Assigned task:
Can you copy out the data exactly? Leave the images out.

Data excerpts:
***
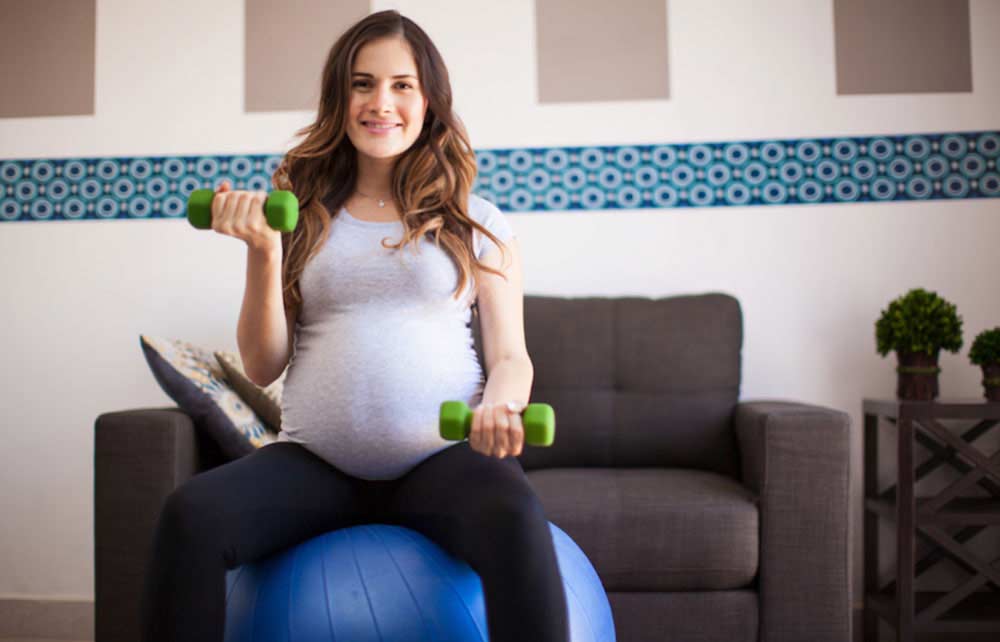 Pregnancy Ball Excercise Example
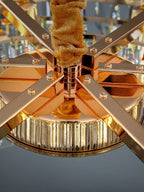 Gleamcrown Modern Crystal Chandelier
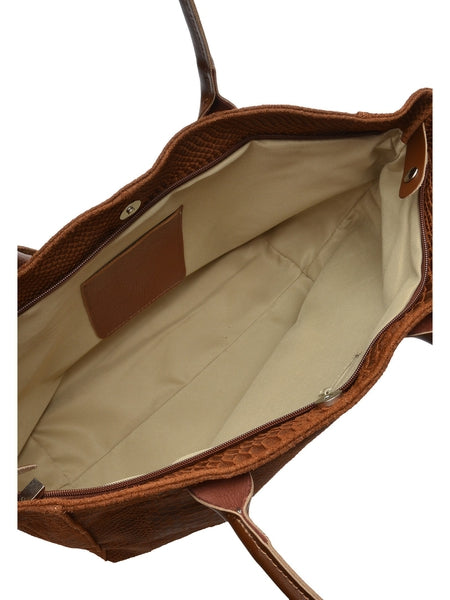 Anna Luchini Tote Bag - MARRONE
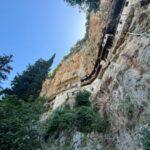 hiking the menalon mountain trail section 1 from stemnitsa to dimitsana through lousios gorge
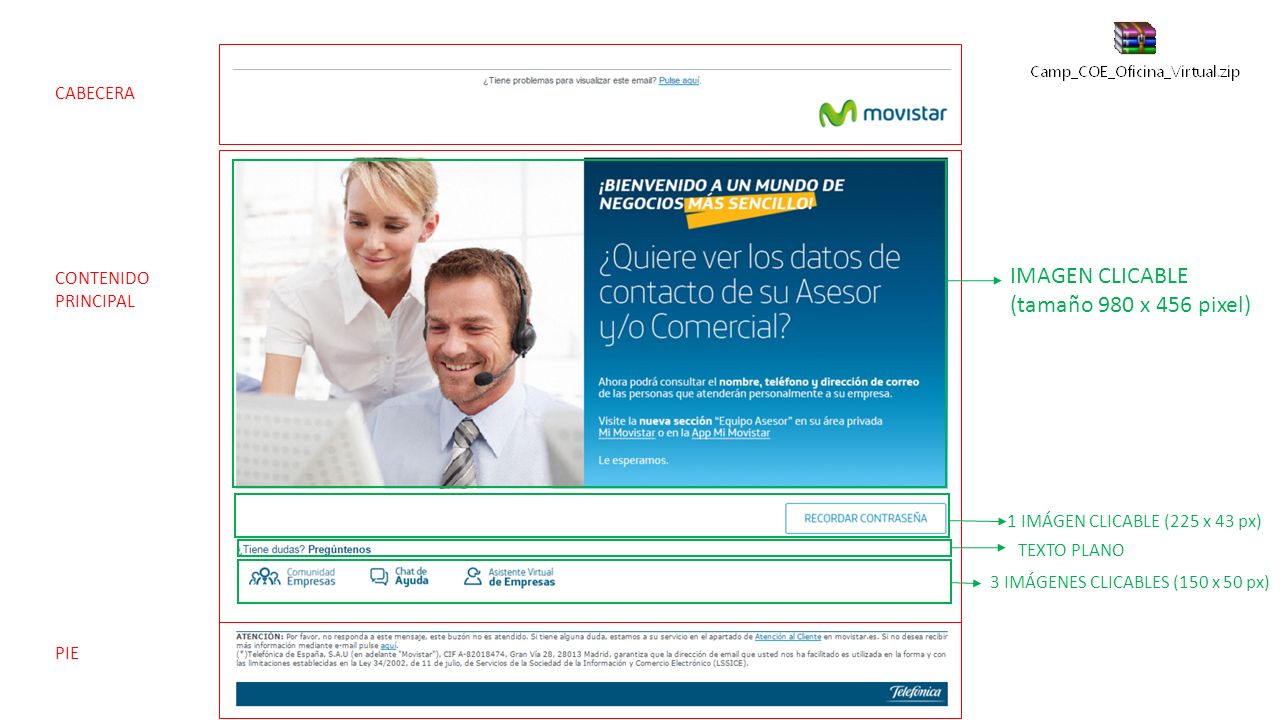 IMAGEN CLICABLE (tamaño 980 x 456 pixel) CABECERA CONTENIDO PRINCIPAL
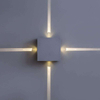 Lámpara de pared de estrella cruzada Led cuadrada de 4 W de alta calidad, aplique de iluminación para interiores, luz de truco con precio de fábrica
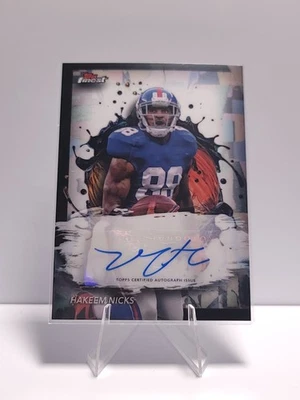 2024 Topps Finest - Los mejores autógrafos Hakeem Nicks #FA-HN refractor (AU) Foto 1 de 2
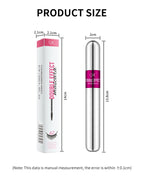 QIC Double Effect 4D Mascara Waterproof Long Curl Natural Thick Eyelash 2-in-1 Black Mascara with 2 Brush Heads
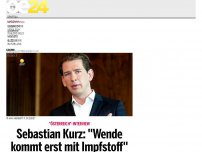 Bild zum Artikel: Sebastian Kurz: ''Wende kommt erst mit Impfstoff''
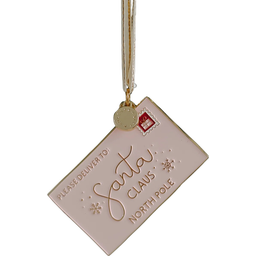 Eulenschnitt Baumschmuck Weihnachtsbrief - 1 Stk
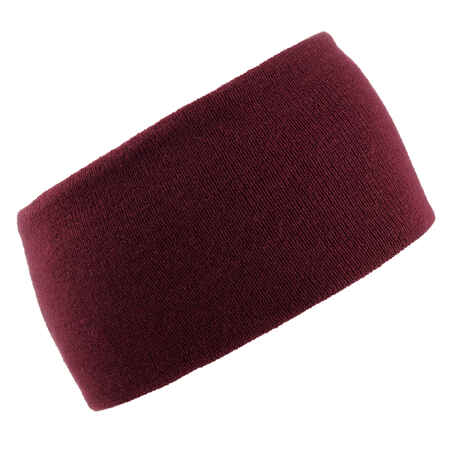 ADULT SKI HEADBAND - SIMPLE - BURGUNDY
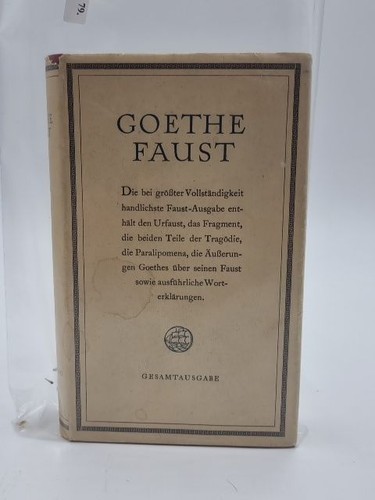Goethes faust gesamtausgabe - goethes, faust.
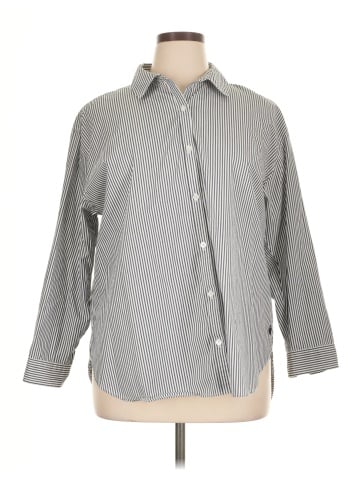 Gloria Vanderbilt 3/4 Sleeve Button-Down Shirt (view 1)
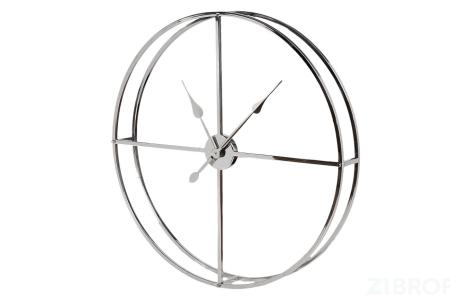 79MAL-5761-76NI Часы настенные цвет хром d76см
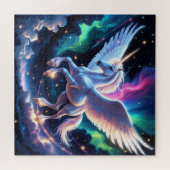 Celestial Aurora Pegasus Puzzle (Horizontal)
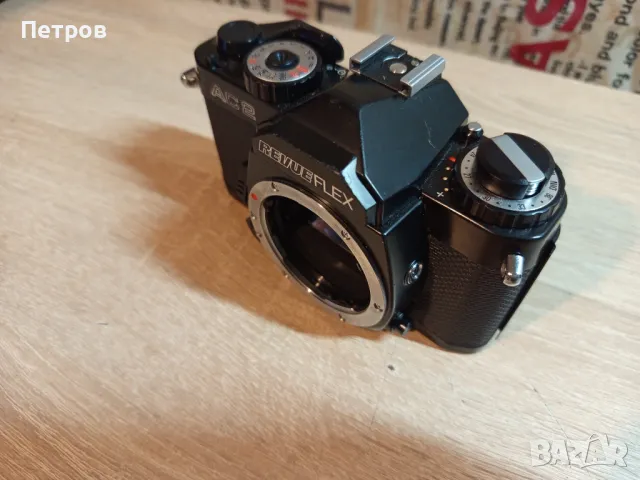 "Revue"Flex AC2.Огледално рефлексен винтидж фотоапарат, снимка 3 - Фотоапарати - 49778176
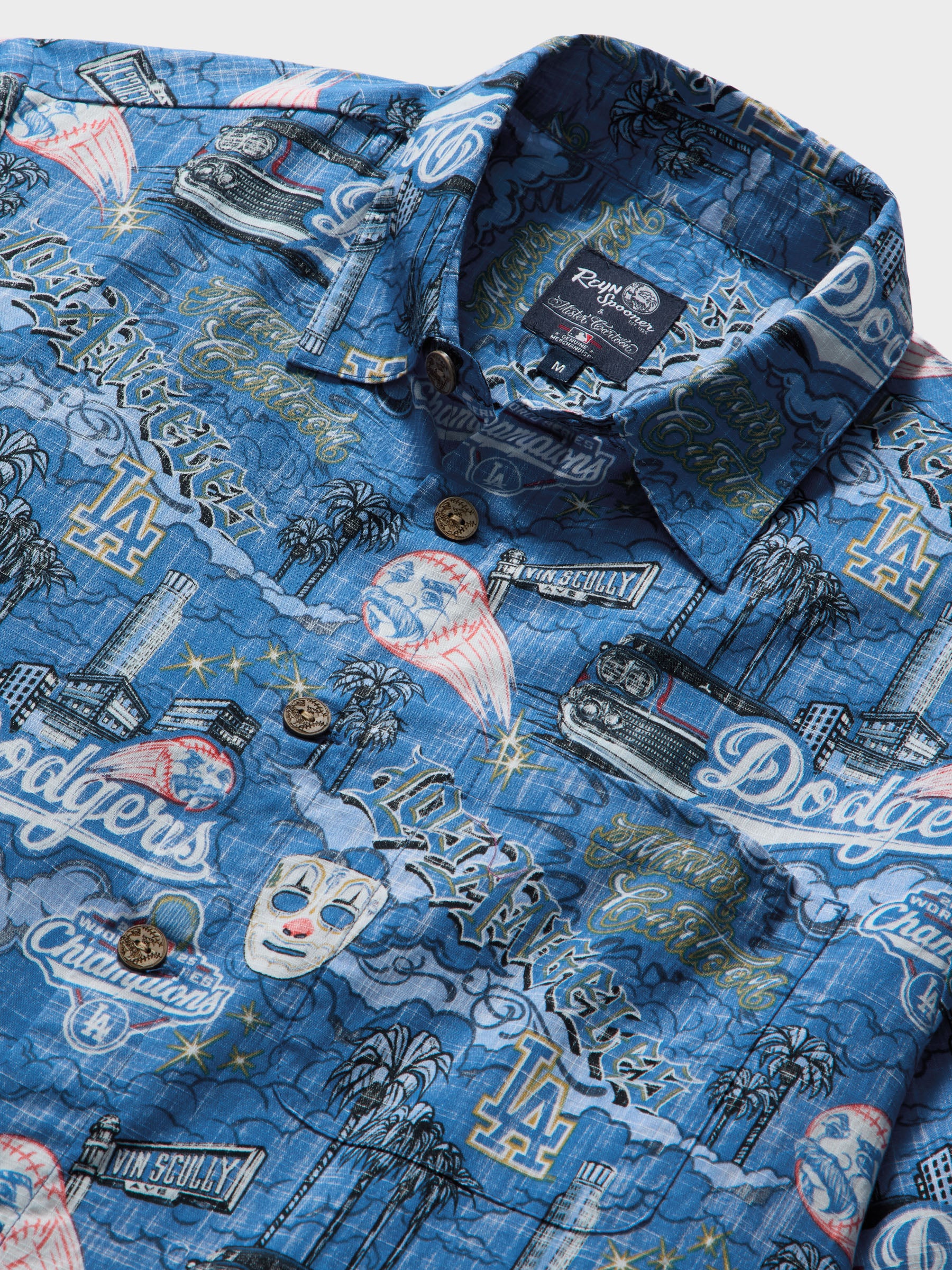 Reyn Spooner LA Dodgers Short Sleeve Shirt - Blue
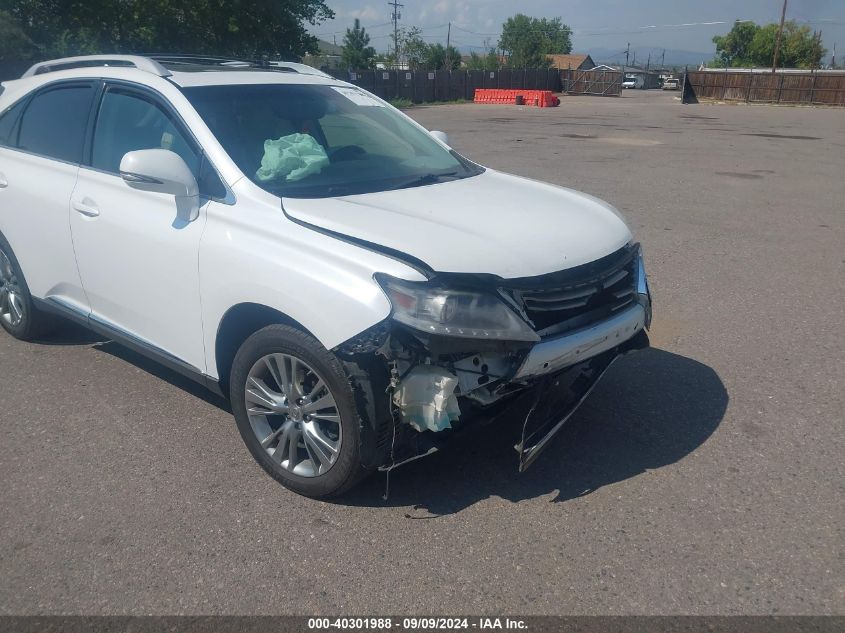 2013 Lexus Rx 350 VIN: 2T2ZK1BA8DC127325 Lot: 40301988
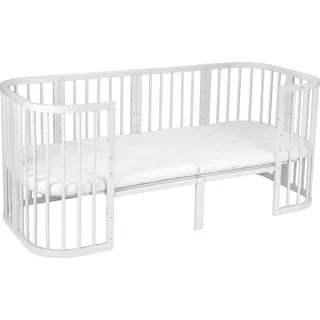 Waldin Erweiterung auf 174cm passend für 7in1 Babybett, Kinderbett, KEIN BETT, Weiß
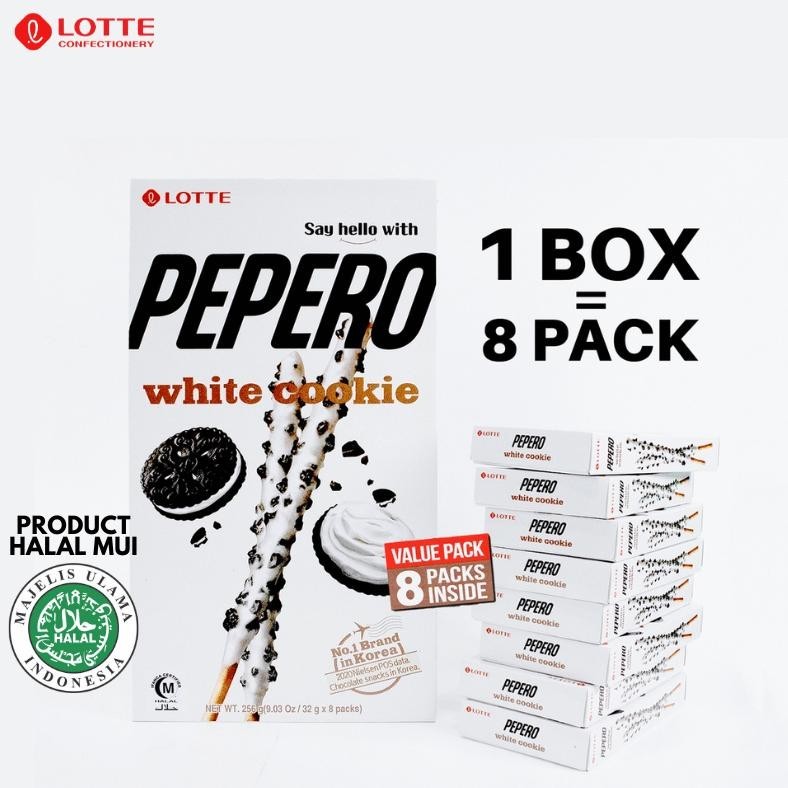 

{cookies} Lotte White Cookie Pepero Jumbo 256g TERLARIS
***
Answer space:
 Pregnancy Ball Excercise Example
 Gleamcrown Modern Crystal Chandelier
 Anna Luchini Tote Bag - MARRONE
 hiking the menalon mountain trail section 1 from stemnitsa to dimitsana through lousios gorge
 IMAGEN CLICABLE (tamaño 980 x 456 pixel) CABECERA CONTENIDO PRINCIPAL
 Lámpara de pared de estrella cruzada Led cuadrada de 4 W de alta calidad, aplique de iluminación para interiores, luz de truco con precio de fábrica
 2024 Topps Finest - Los mejores autógrafos Hakeem Nicks #FA-HN refractor (AU) Foto 1 de 2
 QIC Double Effect 4D Mascara Waterproof Long Curl Natural Thick Eyelash 2-in-1 Black Mascara with 2 Brush Heads
 Bild zum Artikel: Sebastian Kurz: ''Wende kommt erst mit Impfstoff''
 Eulenschnitt Baumschmuck Weihnachtsbrief - 1 Stk
 ADULT SKI HEADBAND - SIMPLE - BURGUNDY
Goethes faust gesamtausgabe - goethes, faust.
 Gloria Vanderbilt 3/4 Sleeve Button-Down Shirt (view 1)
 79MAL-5761-76NI Часы настенные цвет хром d76см
 Celestial Aurora Pegasus Puzzle (Horizontal)
 "Revue"Flex AC2.Огледално рефлексен винтидж фотоапарат, снимка 3 - Фотоапарати - 49778176
 Reyn Spooner LA Dodgers Short Sleeve Shirt - Blue
 2013 Lexus Rx 350 VIN: 2T2ZK1BA8DC127325 Lot: 40301988
 Waldin Erweiterung auf 174cm passend für 7in1 Babybett, Kinderbett, KEIN BETT, Weiß

{cookies} Lotte White Cookie Pepero Jumbo 256g TERLARIS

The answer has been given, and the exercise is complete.